Papunya Tula Artists, Alice Springs, NT, Cat No. WJ781208
Private Collection Vic
Accompanied a certificate of authenticity from Papunya Tula Artists Pty Ltd
Artwork story
Yawutinya emerged from the ground far to the west of Alice Springs, well over the Western Australian border, and during its travels came across a group of Tingari Men before re-entering the ground. The Papunya Tula Artists documentation records that the path of this mythological poisonous serpent is marked by the sinuous line that moves through the composition. The Tingari camps are the sets of concentric circles. The background dotting represents the bush foods of the area, with the fruit wangunu noted particularly.
At the centre of the board a large dark form, densely dotted in deep brown, suggests the body of the serpent returning to earth.

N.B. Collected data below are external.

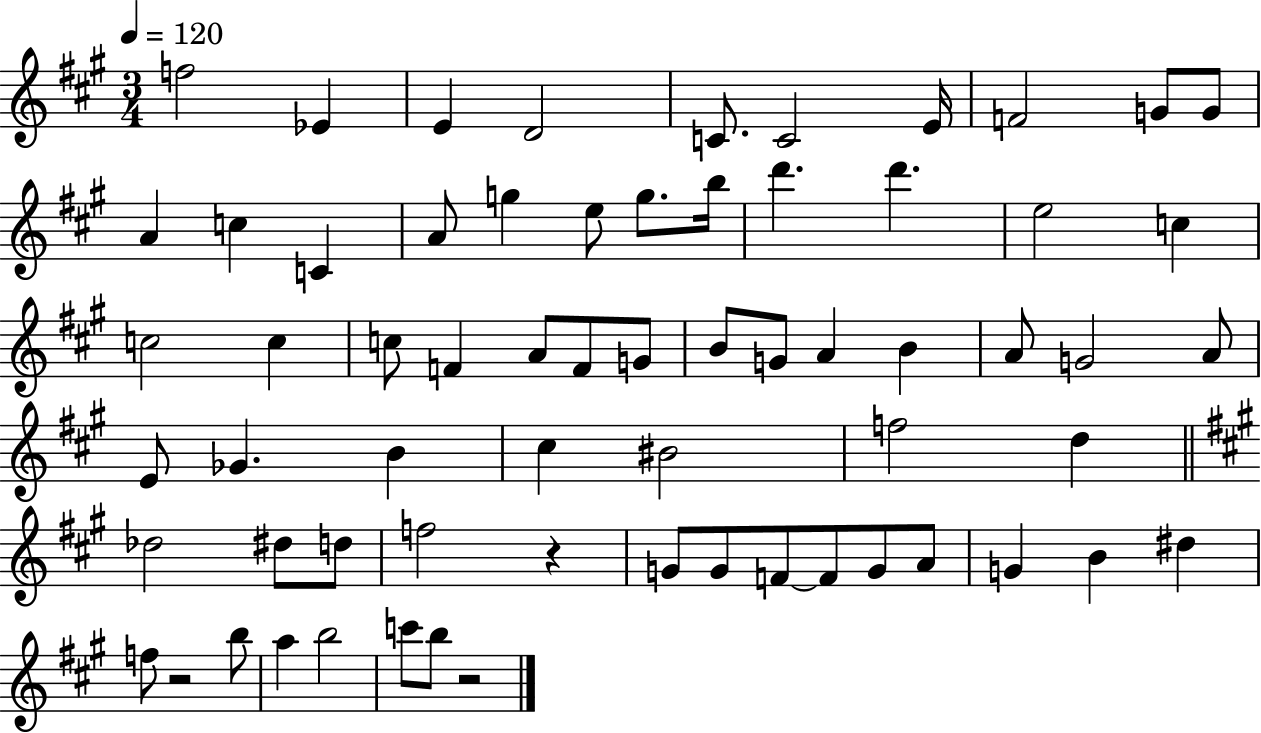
F5/h Eb4/q E4/q D4/h C4/e. C4/h E4/s F4/h G4/e G4/e A4/q C5/q C4/q A4/e G5/q E5/e G5/e. B5/s D6/q. D6/q. E5/h C5/q C5/h C5/q C5/e F4/q A4/e F4/e G4/e B4/e G4/e A4/q B4/q A4/e G4/h A4/e E4/e Gb4/q. B4/q C#5/q BIS4/h F5/h D5/q Db5/h D#5/e D5/e F5/h R/q G4/e G4/e F4/e F4/e G4/e A4/e G4/q B4/q D#5/q F5/e R/h B5/e A5/q B5/h C6/e B5/e R/h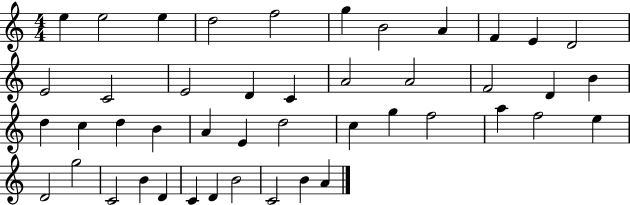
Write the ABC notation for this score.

X:1
T:Untitled
M:4/4
L:1/4
K:C
e e2 e d2 f2 g B2 A F E D2 E2 C2 E2 D C A2 A2 F2 D B d c d B A E d2 c g f2 a f2 e D2 g2 C2 B D C D B2 C2 B A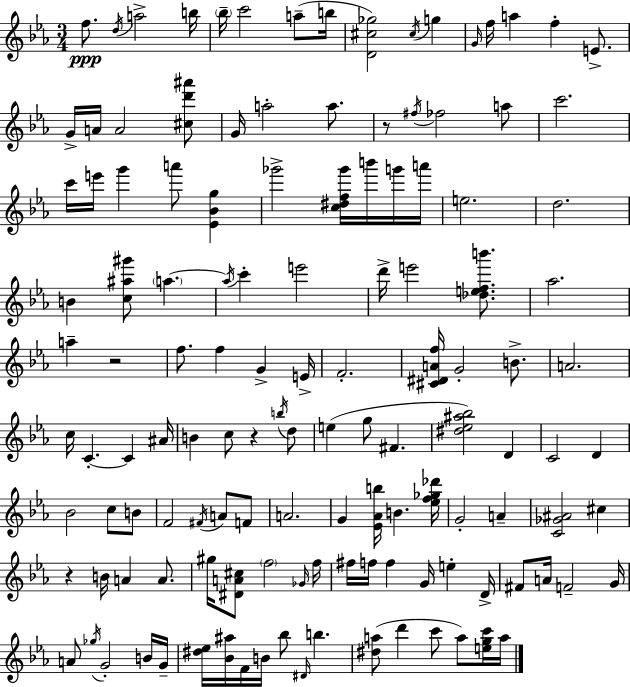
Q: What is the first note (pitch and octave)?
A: F5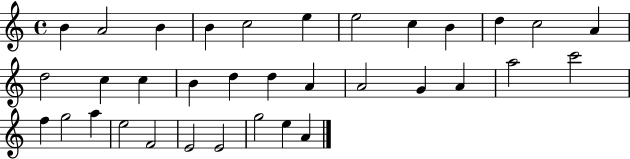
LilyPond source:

{
  \clef treble
  \time 4/4
  \defaultTimeSignature
  \key c \major
  b'4 a'2 b'4 | b'4 c''2 e''4 | e''2 c''4 b'4 | d''4 c''2 a'4 | \break d''2 c''4 c''4 | b'4 d''4 d''4 a'4 | a'2 g'4 a'4 | a''2 c'''2 | \break f''4 g''2 a''4 | e''2 f'2 | e'2 e'2 | g''2 e''4 a'4 | \break \bar "|."
}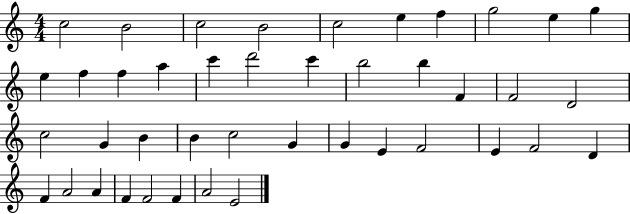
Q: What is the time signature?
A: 4/4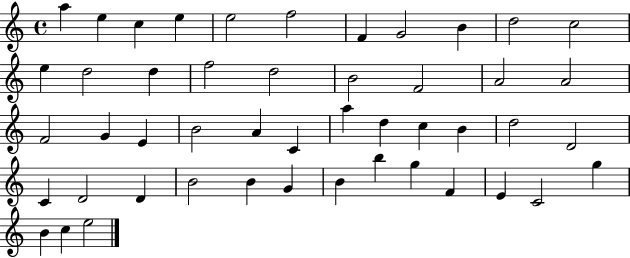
{
  \clef treble
  \time 4/4
  \defaultTimeSignature
  \key c \major
  a''4 e''4 c''4 e''4 | e''2 f''2 | f'4 g'2 b'4 | d''2 c''2 | \break e''4 d''2 d''4 | f''2 d''2 | b'2 f'2 | a'2 a'2 | \break f'2 g'4 e'4 | b'2 a'4 c'4 | a''4 d''4 c''4 b'4 | d''2 d'2 | \break c'4 d'2 d'4 | b'2 b'4 g'4 | b'4 b''4 g''4 f'4 | e'4 c'2 g''4 | \break b'4 c''4 e''2 | \bar "|."
}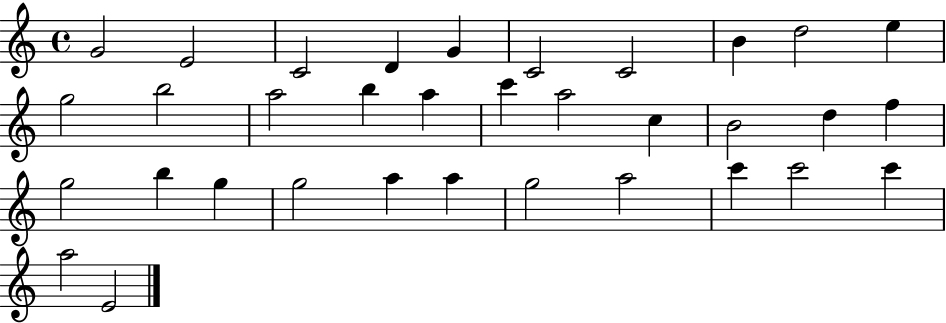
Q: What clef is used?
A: treble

The sinuous line threads through ten concentric circle sites as it travels the length of the field, the warm ochre ground worked throughout in close dotting of dusky pinks, creams and white. The palette is restrained and earthen in the manner Willy would make his signature across four decades of practice.
This board dates from 1978, just two years into his painting career. Willy was born around 1932 at Patjantja, south-west of Lake Mackay, and described growing up in the desert in his own words as walking around naked with only a nulla nulla and woomera. He came to Haasts Bluff in 1956 with a large group of Pintupi and was moved to Papunya in 1959. He began painting for Papunya Tula Artists in 1976 and by the time of his death in 2018 had become one of the company's most senior painters. As the middle brother between Yala Yala Gibbs Tjungurrayi, whose work also appears in this Catalogue, and George Ward Tjungurrayi, he belonged to one of the great painting families of the Western Desert. His position in his community entitled him to paint the sacred and secret dimensions of the Tingari cycle, and he carried that authority for more than forty years.